Recently released at http://www.krackattacks.com – a serious weakness in WPA2 has been found by the team there. For all the heavy technical details, go there.
The krack itself basically hacks the encryption ITSELF within the Wi-Fi WPA standard, when clients negotiate, they perform a multi-step encryption key. By recording, and replying some packets, we can trick devices into using encryption keys more than once – which means now we can decrypt their traffic, and/or hijack TCP sessions and inject traffic into the network.
The key here is that we are attacking CLIENTS – not infrastructure, so we can go after an individual client and steal their data. This means the majority of the updates will be against CLIENT operating systems.
The bottom line is that here is what you need to know.

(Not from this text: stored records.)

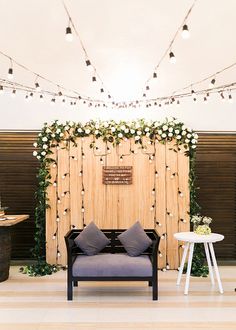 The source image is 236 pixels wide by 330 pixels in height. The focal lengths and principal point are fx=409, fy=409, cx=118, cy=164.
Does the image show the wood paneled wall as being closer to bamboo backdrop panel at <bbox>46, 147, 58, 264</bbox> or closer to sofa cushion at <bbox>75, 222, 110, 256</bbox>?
bamboo backdrop panel at <bbox>46, 147, 58, 264</bbox>

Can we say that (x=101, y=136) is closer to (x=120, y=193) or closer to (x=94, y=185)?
(x=94, y=185)

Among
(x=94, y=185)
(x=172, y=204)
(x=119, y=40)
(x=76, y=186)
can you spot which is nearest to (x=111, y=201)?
(x=94, y=185)

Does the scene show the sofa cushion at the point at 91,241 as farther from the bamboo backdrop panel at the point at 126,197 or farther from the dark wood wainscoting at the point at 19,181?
the dark wood wainscoting at the point at 19,181

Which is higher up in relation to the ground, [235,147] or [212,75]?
[212,75]

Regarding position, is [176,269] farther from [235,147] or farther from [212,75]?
[212,75]

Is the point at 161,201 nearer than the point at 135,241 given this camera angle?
No

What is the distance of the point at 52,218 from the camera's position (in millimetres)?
7230

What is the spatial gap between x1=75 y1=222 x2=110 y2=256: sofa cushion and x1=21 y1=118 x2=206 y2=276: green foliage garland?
135 centimetres

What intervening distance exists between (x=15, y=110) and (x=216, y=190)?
414 centimetres

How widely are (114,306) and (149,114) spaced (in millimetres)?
3838

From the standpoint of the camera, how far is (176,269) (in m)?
7.17

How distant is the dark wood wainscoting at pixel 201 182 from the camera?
7.88 m

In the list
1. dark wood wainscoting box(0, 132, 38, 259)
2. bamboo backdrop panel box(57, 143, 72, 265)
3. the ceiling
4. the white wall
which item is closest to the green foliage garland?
bamboo backdrop panel box(57, 143, 72, 265)

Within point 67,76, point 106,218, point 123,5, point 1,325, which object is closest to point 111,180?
point 106,218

- The vulnerability means almost all modern Wi-Fi networks are affected, doesn’t matter if you have WPA1, WPA2, AES, it is all affected. The issue is in the actual standard.
- The only way to protect yourself against the vulnerability – is a code related update
- Some attacks are better than others, Android and Linux are apparently quite badly affected, and give up their encryption easily. Others can be done, but are more of a challenge.
- If you are using HTTPS or other encrypted methods on your device, this will protect you.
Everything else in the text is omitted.